Judicial sources said the man who had swum ashore from a public beach in Hurghada to carry out Friday's attack confessed to sharing the ideology of the Islamic State in Iraq and Syria (ISIS) group, although there was no ISIS claim of responsibility.
The sources said the suspect is a 28-year-old from Kafr al-Sheikh province in the Nile Delta, north of Cairo.
The streets of Hurghada were being heavily patrolled and security stepped up outside hotels on Saturday.
"I was sitting down in my shop when we heard people shouting. We ran outside and heard that someone had swum to the next door hotel and was attacking foreigners," said Rafic Rushdi, the owner of a hotel shop.
"After killing two women, he ran towards our hotel. He was shouting that he was not after Egyptians, and some Egyptians intervened to stop him." .
After initial confusion over the nationality of the women killed, Berlin on Saturday said they were both German nationals, rather than Ukrainians as earlier reported.
"I am very upset by this cowardly crime, my condolences to the families of the victims," German Foreign Minister Sigmar Gabriel said.
Among the four others wounded were two Armenian women and a woman from the Czech Republic, according to authorities in those countries.
It was not the first attack in Hurghada. In January 2016, three tourists were wounded in a stabbing assault in the resort by two assailants with apparent ISIS sympathies.
In Tunisia, ISIS claimed a beach attack in June 2015 when a student armed with a Kalashnikov assault rifle and grenades went on a rampage near the Mediterranean resort of Sousse killing 38 holidaymakers, 30 of them Britons, before being shot dead by police.
Hurghada is one of Egypt's most popular beach resorts, especially with Ukrainians and other European tourists.
Egyptian authorities say they have boosted security at the country's tourist sites, as the industry provides the Arab world's most populous country with much-needed revenues.
An ISIS bombing of a Russian airliner carrying holidaymakers from a resort in the south of the Sinai Peninsula in 2015 killed all 224 people on board and decimated the country's tourism sector.

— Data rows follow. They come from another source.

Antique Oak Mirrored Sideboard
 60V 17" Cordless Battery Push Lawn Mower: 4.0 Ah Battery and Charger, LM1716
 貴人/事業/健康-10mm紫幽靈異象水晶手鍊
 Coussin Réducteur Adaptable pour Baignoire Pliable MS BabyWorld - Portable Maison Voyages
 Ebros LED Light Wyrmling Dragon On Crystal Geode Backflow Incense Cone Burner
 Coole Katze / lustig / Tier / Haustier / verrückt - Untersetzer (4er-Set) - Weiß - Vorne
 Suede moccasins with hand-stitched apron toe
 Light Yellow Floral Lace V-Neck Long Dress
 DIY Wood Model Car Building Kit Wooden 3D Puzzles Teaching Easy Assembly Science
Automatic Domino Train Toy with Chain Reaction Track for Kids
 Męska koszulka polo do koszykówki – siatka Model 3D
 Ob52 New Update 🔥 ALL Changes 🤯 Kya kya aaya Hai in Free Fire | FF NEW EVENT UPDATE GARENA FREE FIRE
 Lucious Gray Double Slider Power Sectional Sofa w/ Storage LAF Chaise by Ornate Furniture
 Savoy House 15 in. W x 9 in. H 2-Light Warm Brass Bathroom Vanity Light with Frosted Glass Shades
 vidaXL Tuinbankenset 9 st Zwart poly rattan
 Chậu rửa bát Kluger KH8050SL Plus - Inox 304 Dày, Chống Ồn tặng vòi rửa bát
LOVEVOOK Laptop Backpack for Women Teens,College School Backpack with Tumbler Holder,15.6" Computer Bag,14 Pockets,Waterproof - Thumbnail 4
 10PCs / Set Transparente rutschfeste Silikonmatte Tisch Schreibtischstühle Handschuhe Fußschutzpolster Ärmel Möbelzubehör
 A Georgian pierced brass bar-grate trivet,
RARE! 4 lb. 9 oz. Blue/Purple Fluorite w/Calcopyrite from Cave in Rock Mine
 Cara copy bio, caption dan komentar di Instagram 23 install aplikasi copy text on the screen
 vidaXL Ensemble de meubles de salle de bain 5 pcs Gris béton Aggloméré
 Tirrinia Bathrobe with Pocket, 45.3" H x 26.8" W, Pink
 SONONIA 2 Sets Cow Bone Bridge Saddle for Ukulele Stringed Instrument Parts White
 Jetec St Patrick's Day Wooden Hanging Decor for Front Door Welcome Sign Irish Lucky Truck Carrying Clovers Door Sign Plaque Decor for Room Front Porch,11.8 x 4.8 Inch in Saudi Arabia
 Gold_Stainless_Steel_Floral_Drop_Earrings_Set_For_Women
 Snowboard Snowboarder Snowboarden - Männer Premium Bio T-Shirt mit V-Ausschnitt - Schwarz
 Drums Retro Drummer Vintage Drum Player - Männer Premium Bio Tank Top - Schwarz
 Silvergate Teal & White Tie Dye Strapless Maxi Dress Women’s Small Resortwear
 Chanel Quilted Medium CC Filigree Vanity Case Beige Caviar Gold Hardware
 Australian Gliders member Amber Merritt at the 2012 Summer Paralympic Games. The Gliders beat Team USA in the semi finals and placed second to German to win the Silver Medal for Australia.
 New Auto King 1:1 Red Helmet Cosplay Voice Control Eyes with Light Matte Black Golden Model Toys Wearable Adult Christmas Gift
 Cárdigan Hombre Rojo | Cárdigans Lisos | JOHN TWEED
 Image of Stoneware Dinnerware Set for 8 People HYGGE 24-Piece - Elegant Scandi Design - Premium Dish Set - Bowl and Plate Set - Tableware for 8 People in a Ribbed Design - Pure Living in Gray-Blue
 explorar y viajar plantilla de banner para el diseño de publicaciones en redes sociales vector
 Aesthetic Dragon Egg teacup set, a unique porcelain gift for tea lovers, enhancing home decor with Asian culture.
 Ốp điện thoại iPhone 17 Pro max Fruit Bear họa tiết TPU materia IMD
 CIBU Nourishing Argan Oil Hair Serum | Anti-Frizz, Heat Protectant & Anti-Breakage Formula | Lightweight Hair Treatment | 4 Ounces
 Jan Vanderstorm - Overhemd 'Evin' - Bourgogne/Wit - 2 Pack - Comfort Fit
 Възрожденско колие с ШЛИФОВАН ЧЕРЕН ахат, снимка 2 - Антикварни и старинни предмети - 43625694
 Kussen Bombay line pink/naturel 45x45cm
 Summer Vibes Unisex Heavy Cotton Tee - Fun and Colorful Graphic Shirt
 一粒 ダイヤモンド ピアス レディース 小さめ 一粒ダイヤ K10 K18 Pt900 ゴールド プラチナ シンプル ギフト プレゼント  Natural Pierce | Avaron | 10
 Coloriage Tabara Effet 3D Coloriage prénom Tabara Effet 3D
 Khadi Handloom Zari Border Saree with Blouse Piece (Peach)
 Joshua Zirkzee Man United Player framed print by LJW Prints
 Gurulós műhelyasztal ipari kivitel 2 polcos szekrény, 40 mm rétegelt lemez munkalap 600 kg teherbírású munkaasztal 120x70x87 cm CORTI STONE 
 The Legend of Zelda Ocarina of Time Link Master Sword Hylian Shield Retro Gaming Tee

Russia suspended all flights to Egypt in response and has yet to resume them.
ISIS has been waging a deadly insurgency concentrated in the north of the Sinai that has killed hundreds of policemen and soldiers.
Also on Friday, unknown assailants shot dead five policemen just south of Cairo, in the latest of a series of attacks targeting Egypt's security forces.
The ministry said three gunmen opened fire on a police car and then fled, killing an officer, three conscripts and a police employee.
As with the beach stabbing, there has not yet been any claim of responsibility for the attack.
The killings came as police and the army said they were closing in on militants and extremists following a spate of deadly attacks in the Nile Valley and the Sinai Peninsula.
Egypt has struggled to quell ISIS militants based in the Sinai and smaller militant groups in the mainland since the military overthrew Islamist president Mohamed Morsi in 2013 and cracked down on his supporters.
While smaller groups such as the Hasam militant movement have mostly targeted policemen and government officials, ISIS has also attacked foreign tourists and Egypt's Coptic Christian minority.
Dozens of Christians have been killed in church bombings and shootings since last December in attacks claimed by ISIS.
The militants have threatened to carry out further attacks on Christians, who make up about 10 pe cent of Egypt's 90 million people.
On Thursday, churches in Egypt said they were suspending some activities such as conferences and religious trips for three weeks over security concerns.